Sobre o pretexto de gerar emprego e satisfazer a procura global por proteína animal, no último século, fomos assistindo a uma industrialização do sector das pescas, tal como, a sua expansão para os cantos do oceano. Este fenómeno de expansão em muito se deveu a um sucessivo incremento da precisão das pescas induzido por significativos avanços tecnológicos. No entanto, a sobre-exploração comercial das reservas de peixes do mundo é grave “, disse Ban Ki-moon em 2012.” Muitas espécies foram capturadas restando pequenas fracções das suas populações originais. Segundo a Organização das Nações Unidas para a Agricultura e a Alimentação (FAO), 85% das reservas globais de peixes estão “sobre-exploradas, esgotadas ou a recuperar do esgotamento”. Mesmo assim, em todo o mundo, todos os dias, a indústria das pescas rejeita mais de sete milhões de toneladas de vida marinha capturada acidentalmente – só no caso da pesca do camarão, 80% de tudo o que é capturado é rapidamente convertido numa forma de extinção marinha massiva.
Durante décadas, os ambientalistas lutaram para salvar os oceanos dos perigos da sobre-pesca, das mudanças climáticas e da poluição. No entanto, a questão não se coloca em como é que nós podemos salvar oceano, mas sim, em como é que os oceanos nos podem salvar?
Até 2050, as Nações Unidas estimam um crescimento da população mundial em mais de 2 biliões, pese embora a demanda global por alimento venha a representar o dobro dos números que são hoje conhecidos, numa altura em que a Global Salmon Initiative preconiza o colapso das pescas. Estarão os mares e oceanos em condições de erradicar a fome e a pobreza? Não nos parece! Não nos parece que isso venha a ocorrer se, perante os mares e os oceanos, nos mantivermos como “caçadores”.
We must plant the sea and herd its animals using the sea as farmers instead of hunters. That is what civilization is all about – farming replacing hunting.
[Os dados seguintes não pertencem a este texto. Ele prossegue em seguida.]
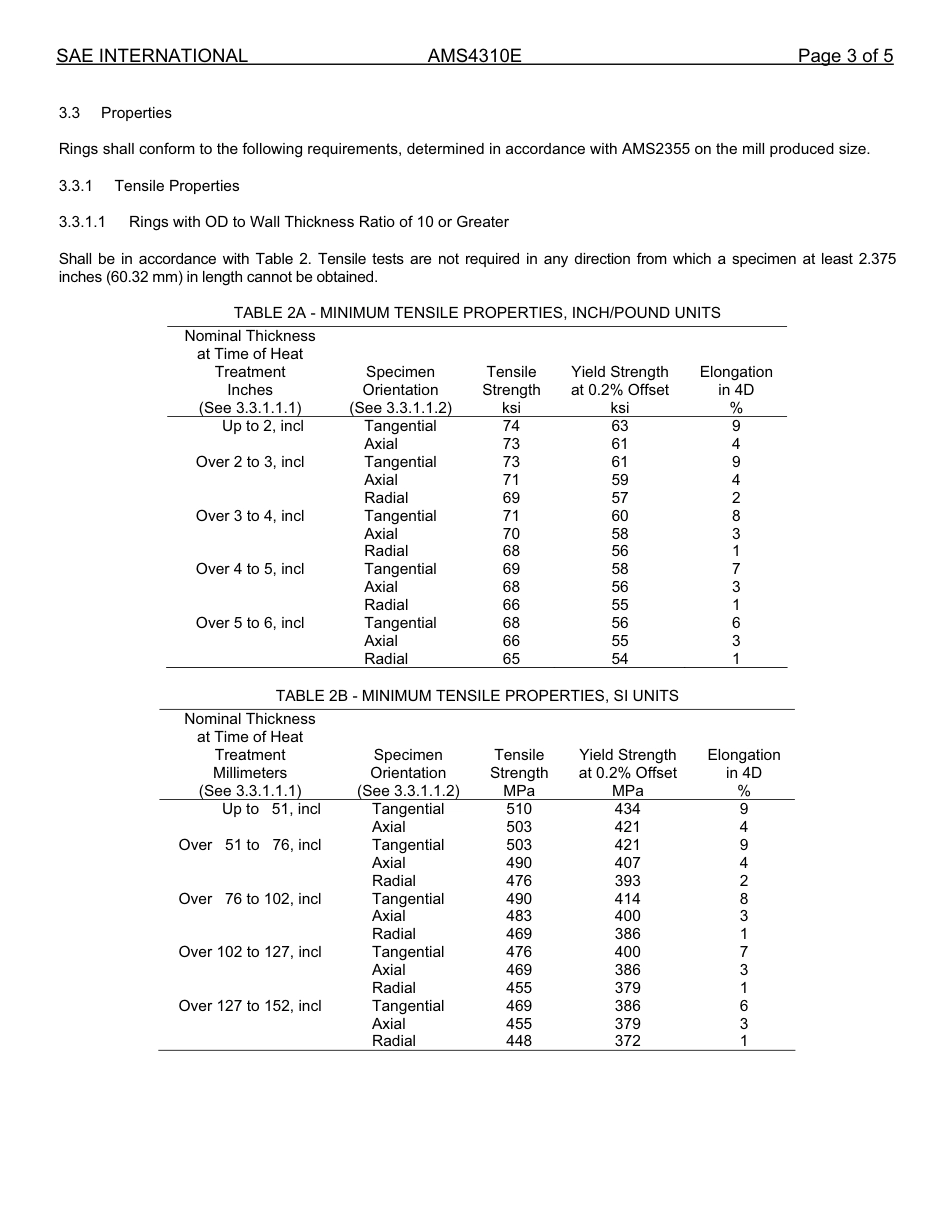 SAE AMS 4310E-2013.pdf_第3页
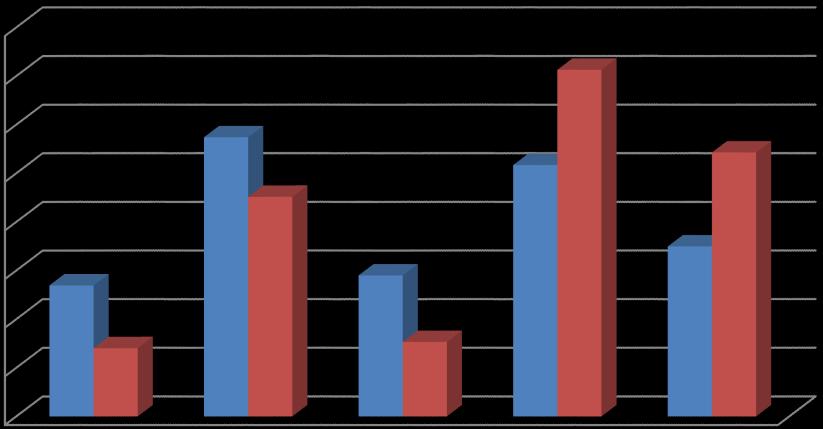 Wykres 10. Bezrobotne kobiety i mężczyźni wg wykształcenia (dane w %, stan na 30.06.2010 r.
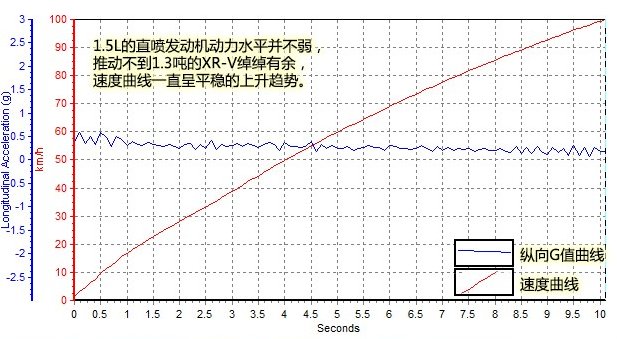 本田XRV1.5L百公里加速几秒？本田XRV百公里加速测试 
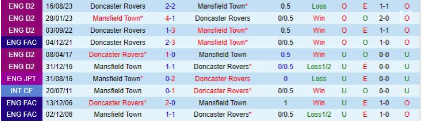 Thành tích đối đầu giữa Mansfield vs Doncaster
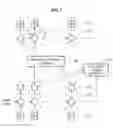 Fig. 08 - Method and apparatus with natural language generation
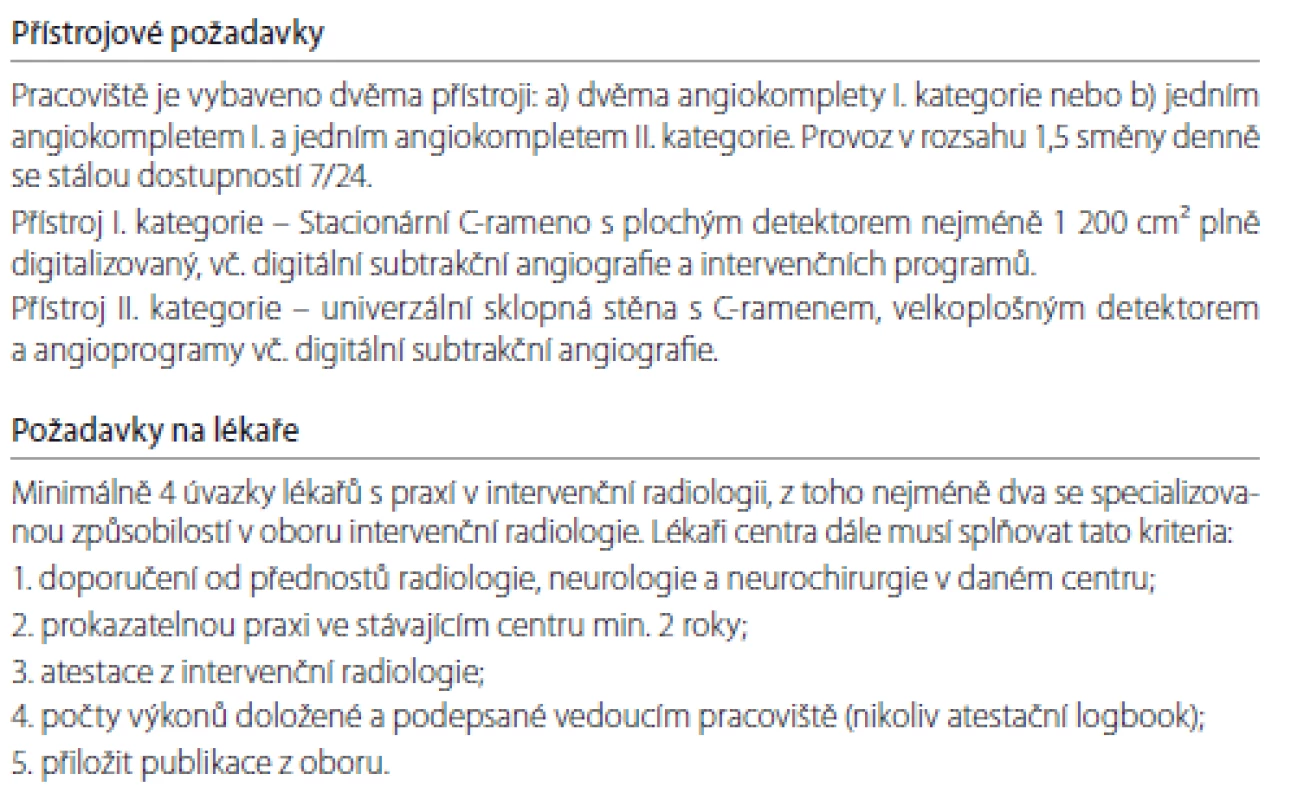 Požadavky na přístrojové a personální vybavení pracoviště provádějící mechanické
trombektomie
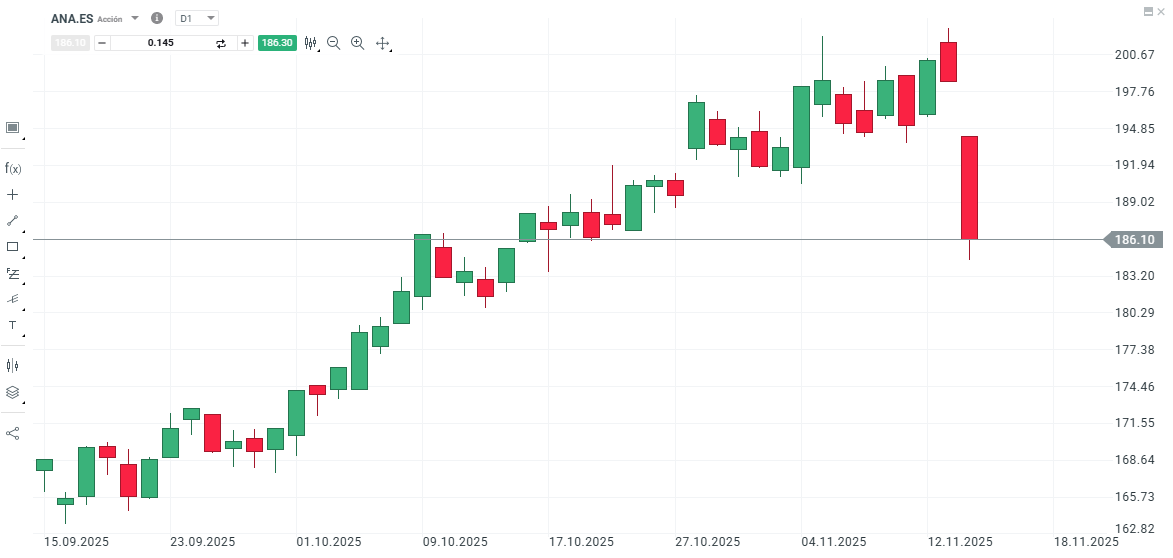 GrÃ¡fico con la cotizaciÃ³n de las acciones de Acciona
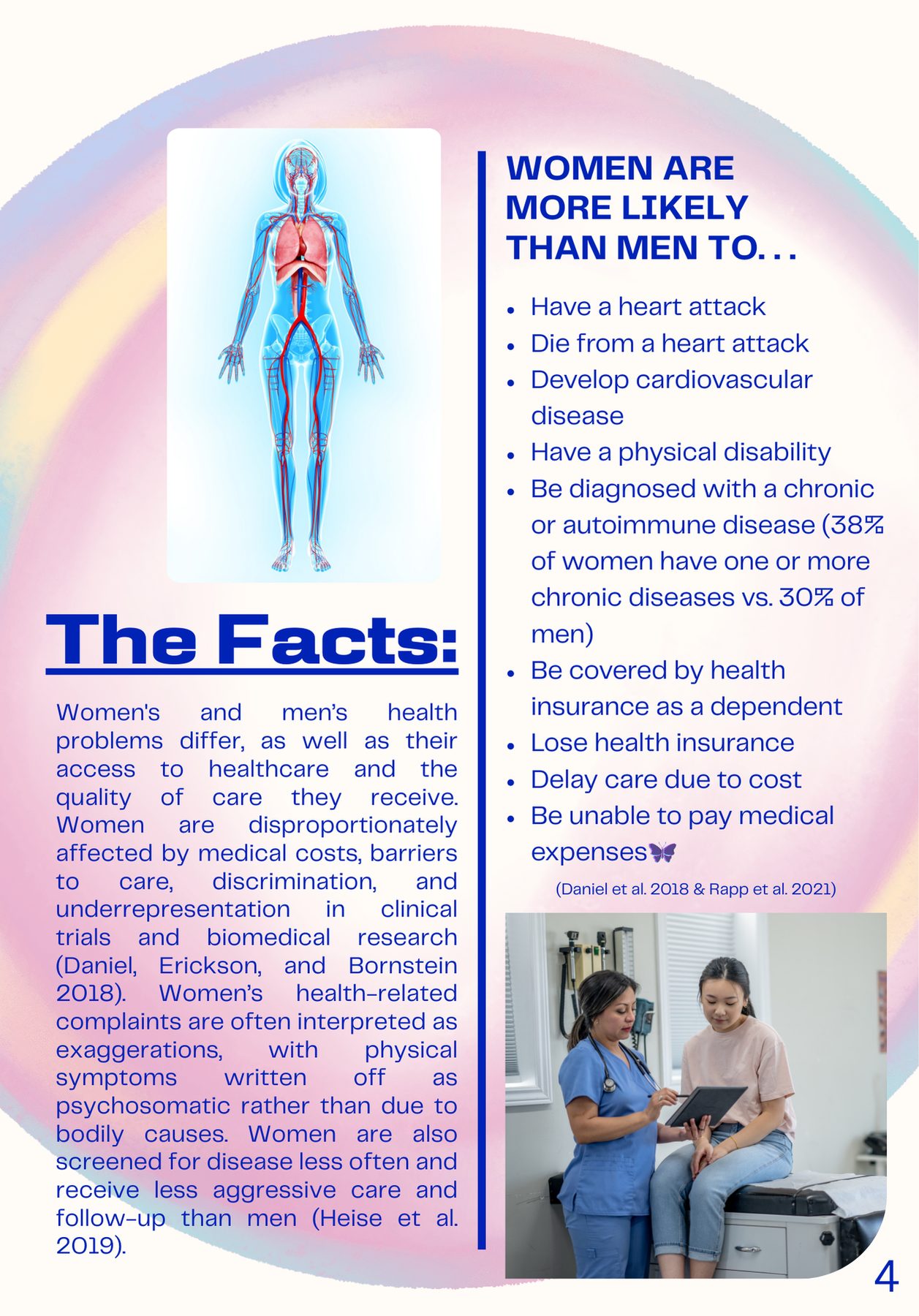 Zine spread titled The Facts, listing statistics on women's health outcomes versus men's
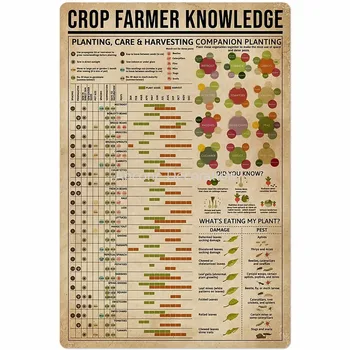 Crop Farmer Knowledge Метални калаени знаци Засаждане Ръководство за проучване Плакати Фермери Фермерска къща Инфографика Плакети Начало Ферма Стая Стена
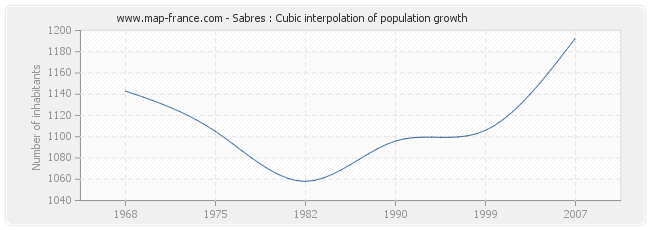Sabres : Cubic interpolation of population growth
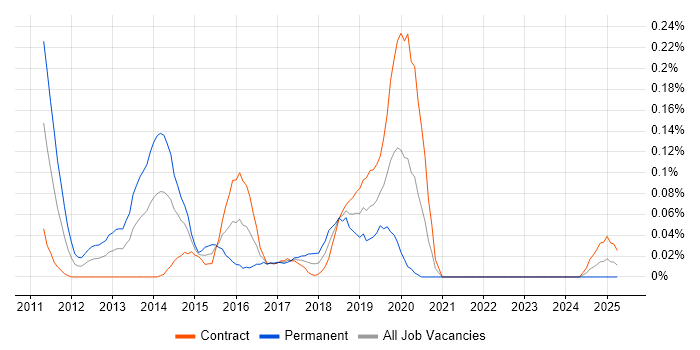 Job vacancy trend for Java Android Developer in Scotland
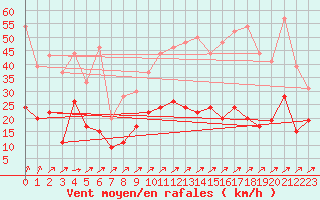 Courbe de la force du vent pour Villacoublay (78)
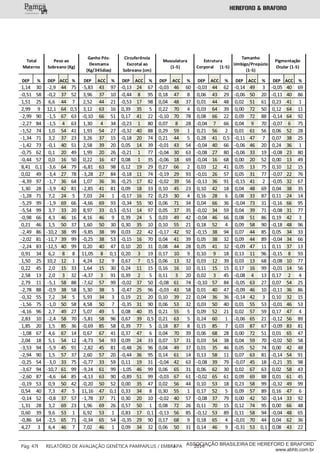 DEP % DEP ACC % DEP ACC % DEP ACC % DEP ACC % DEP ACC % DEP ACC % DEP ACC %
1,14 30 ‐2,9 44 75 ‐5,83 43 97 ‐0,13 24 67 ‐0,03 46 60 ‐0,03 44 62 ‐0,14 49 3 ‐0,05 40 69
‐0,51 58 ‐0,2 37 52 3,96 37 10 ‐0,44 8 95 0,18 47 8 0,06 43 29 ‐0,06 50 20 ‐0,11 40 86
1,51 25 6,6 44 7 2,52 44 21 ‐0,53 17 98 0,04 48 37 0,01 44 48 0,02 51 61 0,23 41 1
2,99 9 12,1 64 0,5 3,12 63 16 0,39 35 5 0,22 70 4 0,03 64 39 0,00 72 50 0,12 64 11
‐2,99 90 ‐1,5 67 63 ‐0,10 66 51 0,17 41 22 ‐0,10 70 78 0,08 66 22 0,09 72 88 ‐0,14 64 92
‐2,27 84 ‐1,5 4 63 1,30 4 34 ‐0,23 1 80 0,07 8 28 ‐0,04 7 66 0,04 9 70 ‐0,07 6 75
‐1,52 74 1,0 54 41 1,93 54 27 ‐0,32 40 88 0,29 59 1 0,21 56 2 0,01 61 56 0,06 52 28
‐1,34 71 3,2 37 23 3,26 37 15 ‐0,18 20 74 0,21 44 5 0,28 41 0,5 ‐0,11 47 7 0,07 38 25
‐1,42 73 ‐0,1 40 51 2,58 39 20 0,05 14 39 ‐0,01 43 54 ‐0,04 40 66 ‐0,06 46 20 0,24 36 1
‐0,75 62 0,1 20 49 1,99 20 26 ‐0,21 1 77 ‐0,04 30 63 ‐0,08 27 80 ‐0,06 33 19 ‐0,08 23 80
‐0,44 57 0,0 16 50 0,22 16 47 0,08 1 35 ‐0,06 18 69 ‐0,04 16 68 0,00 20 52 0,00 13 49
8,41 0,1 ‐3,6 64 79 ‐6,81 63 98 0,12 19 29 0,27 66 2 0,03 12 41 0,05 13 75 0,10 12 15
0,02 49 ‐3,4 27 78 ‐3,28 27 84 ‐0,18 11 74 ‐0,19 29 93 ‐0,01 26 57 0,05 31 77 ‐0,07 22 76
‐4,39 97 ‐1,7 36 64 1,07 36 36 ‐0,25 17 82 ‐0,02 39 56 ‐0,13 36 91 ‐0,15 41 2 ‐0,05 32 67
1,30 28 ‐3,9 42 81 ‐2,85 41 81 0,09 18 33 0,10 45 23 0,10 42 18 0,04 48 69 0,04 38 35
‐1,28 71 7,2 24 5 7,03 24 1 ‐0,17 16 72 0,23 30 4 0,16 28 6 0,08 33 87 0,11 24 14
‐5,29 99 ‐1,9 69 66 ‐4,66 69 93 ‐0,34 55 90 0,06 71 34 0,04 66 36 ‐0,04 73 31 ‐0,16 66 95
‐5,54 99 3,7 33 20 8,97 33 0,5 ‐0,51 14 97 0,05 37 35 ‐0,02 34 59 0,04 39 71 ‐0,08 31 77
‐0,98 66 4,3 46 16 4,16 46 9 0,39 24 5 0,03 49 42 ‐0,04 46 66 0,08 51 86 0,19 42 3
0,21 46 1,5 50 37 1,60 50 30 0,30 35 10 0,10 55 21 0,18 52 4 0,09 58 90 ‐0,18 48 96
‐2,49 86 ‐10,2 38 99 ‐9,85 38 99 0,03 22 42 ‐0,17 42 92 ‐0,15 38 94 0,07 44 85 0,05 34 33
‐2,02 81 ‐11,7 39 99 ‐0,25 38 53 ‐0,15 16 70 0,04 41 39 0,05 38 32 0,09 44 89 ‐0,04 34 66
‐2,24 83 ‐12,5 40 99 0,20 40 47 0,10 20 31 0,08 44 28 0,05 41 32 ‐0,09 47 11 0,11 37 13
0,91 34 6,2 8 8 11,05 8 0,1 0,20 3 19 0,17 10 9 0,10 9 18 0,13 11 96 ‐0,15 8 93
1,50 25 10,2 12 1 4,24 12 9 0,67 7 0,5 0,06 13 32 0,03 12 39 0,03 13 68 ‐0,08 10 77
0,22 45 2,0 15 33 1,64 15 30 0,24 11 15 0,16 16 10 0,11 15 15 0,17 16 99 ‐0,01 14 56
2,58 13 2,0 3 32 ‐4,37 3 91 0,39 2 5 0,11 3 20 0,02 3 45 ‐0,08 4 13 0,17 2 4
2,79 11 ‐5,1 58 88 ‐7,62 57 99 ‐0,02 37 50 ‐0,08 61 74 ‐0,10 57 84 ‐0,05 63 27 0,07 54 25
‐2,78 88 ‐0,9 38 58 5,30 38 5 ‐0,47 25 96 ‐0,03 43 58 0,01 40 47 ‐0,09 46 10 ‐0,11 36 86
‐0,32 55 7,2 34 5 5,93 34 3 0,19 21 20 0,10 39 22 0,04 36 36 ‐0,14 42 3 0,10 32 15
‐1,56 75 ‐1,0 50 58 4,58 50 7 ‐0,35 31 90 0,06 53 32 0,03 50 40 0,01 55 53 ‐0,01 46 53
‐4,16 96 2,7 49 27 5,07 49 5 0,08 40 35 0,21 55 5 0,09 52 21 0,02 57 59 0,17 47 4
2,83 10 ‐2,4 58 70 ‐5,81 58 96 0,67 39 0,5 0,21 63 5 0,24 60 1 ‐0,06 65 21 ‐0,12 56 89
1,85 20 1,5 85 36 ‐0,69 85 58 0,39 77 5 0,18 87 8 0,15 85 7 0,03 87 67 ‐0,09 83 81
‐1,08 67 4,6 67 14 0,67 67 41 0,37 47 6 0,04 70 39 0,06 68 28 0,00 72 51 0,01 65 47
2,04 18 5,1 54 12 ‐4,73 54 93 0,09 24 33 0,07 57 31 0,03 54 38 0,04 59 70 ‐0,02 50 58
‐3,53 94 ‐5,9 45 91 ‐2,82 45 81 ‐0,48 26 96 0,04 49 37 0,01 35 46 0,05 52 74 0,00 42 48
‐2,94 90 1,5 57 37 2,60 57 20 ‐0,44 36 95 0,14 61 14 0,13 58 11 0,07 63 81 ‐0,14 54 91
‐0,25 54 ‐3,0 33 75 ‐0,77 33 59 0,11 19 31 ‐0,04 42 63 ‐0,08 39 79 ‐0,07 45 18 ‐0,21 35 98
‐3,67 94 ‐10,7 61 99 ‐9,24 61 99 ‐1,05 46 99 0,06 65 31 0,06 62 30 0,02 67 63 0,02 58 43
‐2,60 87 ‐4,6 64 85 ‐4,13 63 90 ‐0,89 51 99 ‐0,03 67 61 ‐0,02 65 61 0,09 69 88 0,01 61 45
‐0,19 53 0,9 50 42 ‐0,20 50 52 0,00 35 47 0,02 56 44 0,10 53 18 0,23 58 99 ‐0,32 49 99
0,54 40 7,3 47 5 11,16 47 0,1 0,33 34 8 0,30 55 1 0,17 52 5 0,09 57 89 0,16 47 6
‐0,14 52 ‐0,8 37 57 ‐1,78 37 71 0,30 20 10 ‐0,02 40 57 ‐0,08 37 79 0,00 42 50 ‐0,14 33 92
1,31 28 3,2 69 23 1,96 69 26 0,57 50 1 0,08 72 26 0,11 70 15 0,12 74 95 0,00 66 48
0,60 39 9,6 53 1 6,92 53 1 0,83 17 0,1 ‐0,13 56 85 ‐0,12 53 89 0,11 58 94 ‐0,04 48 65
‐0,86 64 ‐2,5 65 71 ‐0,34 65 54 ‐0,35 29 90 0,17 68 9 0,18 65 4 ‐0,01 70 44 0,04 62 36
4,27 3 6,4 46 7 7,02 46 1 0,09 34 32 0,06 50 31 0,14 46 9 ‐0,31 53 0,1 0,08 43 22
Pigmentação
Ocular (1‐5)
Tamanho
Umbigo/Prepúcio
(1‐5)
Total
Materno
Peso ao
Sobreano (Kg)
Ganho Pós‐
Desmama
(Kg/345dias)
Circuferência
Escrotal ao
Sobreano (cm)
Musculatura
(1‐5)
Estrutura
Corporal (1‐5)
___________
Pág: 47 RELATÓRIO DE AVALIAÇÃO GENÉTICA PAMPAPLUS / EMBRAPA 2014ASSOCIAÇÃO BRASILEIRA DE HEREFORD E BRAFORD
www.abhb.com.br
 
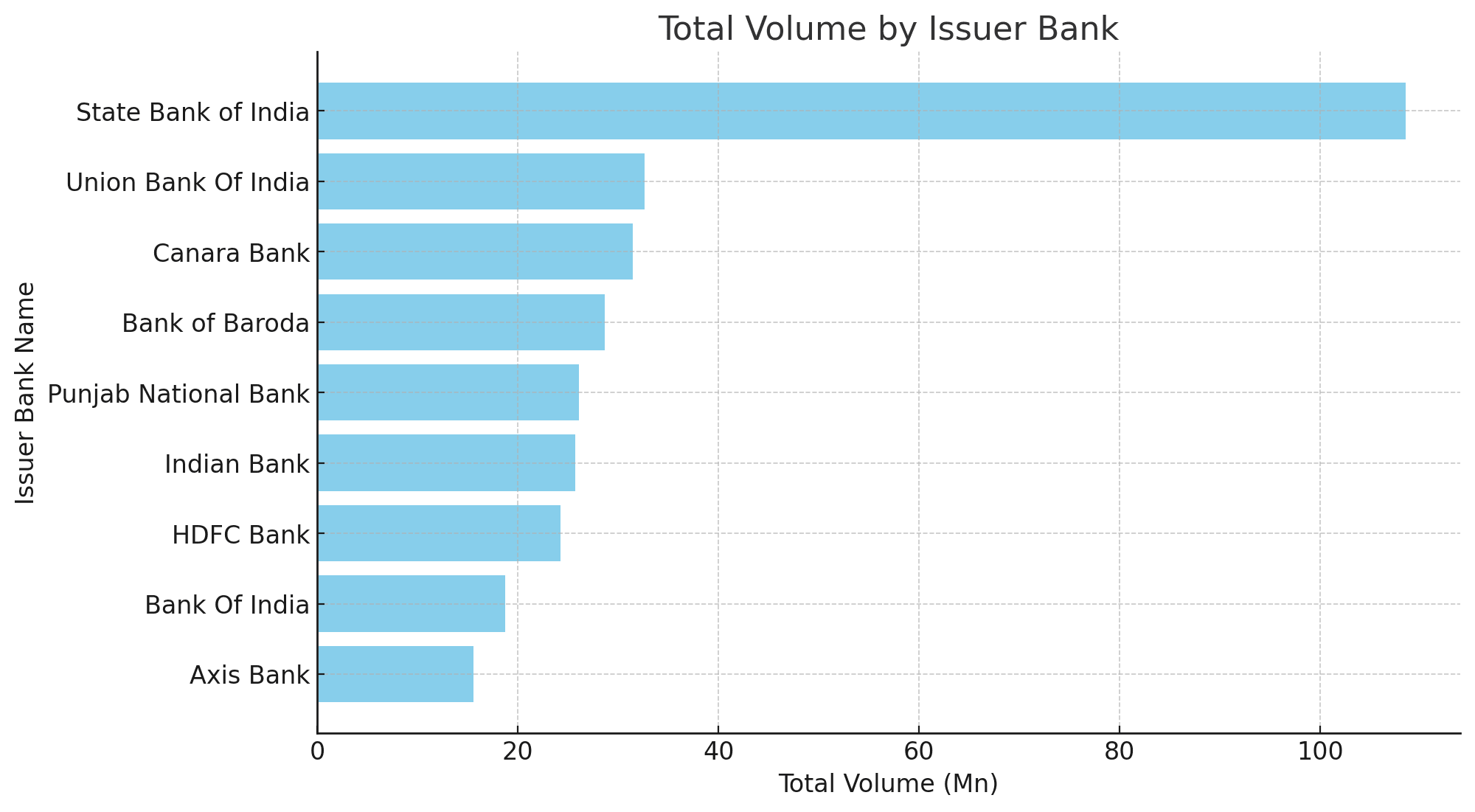 Total-Volume-by-Issuer-Bank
Jacques Yves Cousteau, Filmmaker & Scientist
Estima-se que, em 2050, a população mundial terá crescido para mais de 9 bilhões de pessoas. Ao mesmo tempo, o aumento da urbanização e do poder de compra começam a alterar as preferências alimentares, resultando num aumento crescente de procura de proteína animal. Se se mantiverem as percentagens de consumo de peixe de 17 quilos anuais per capita (Portugal consome 59 quilos anuais per capita), daqui a 30 anos serão necessárias 29 milhões de toneladas de peixe extra às 110 milhões de toneladas já produzidas e capturadas hoje.
Segundo dados da National Geographic, são precisos 3,5 Kg de alimento para produzir 1kg de massa corporal de carne bovina. Comparativamente com a produção de peixes, esta relação apresenta-se bem mais favorável, sendo possível converter aproximadamente meio quilo de alimento em 450gr de peixe. Esta comparação permite-nos compreender qual a medida de utilização de recursos no processo de produção de proteína, colocando a aquacultura na dianteira das soluções para enfrentar o desafio de alimentar a população mundial de forma sustentável.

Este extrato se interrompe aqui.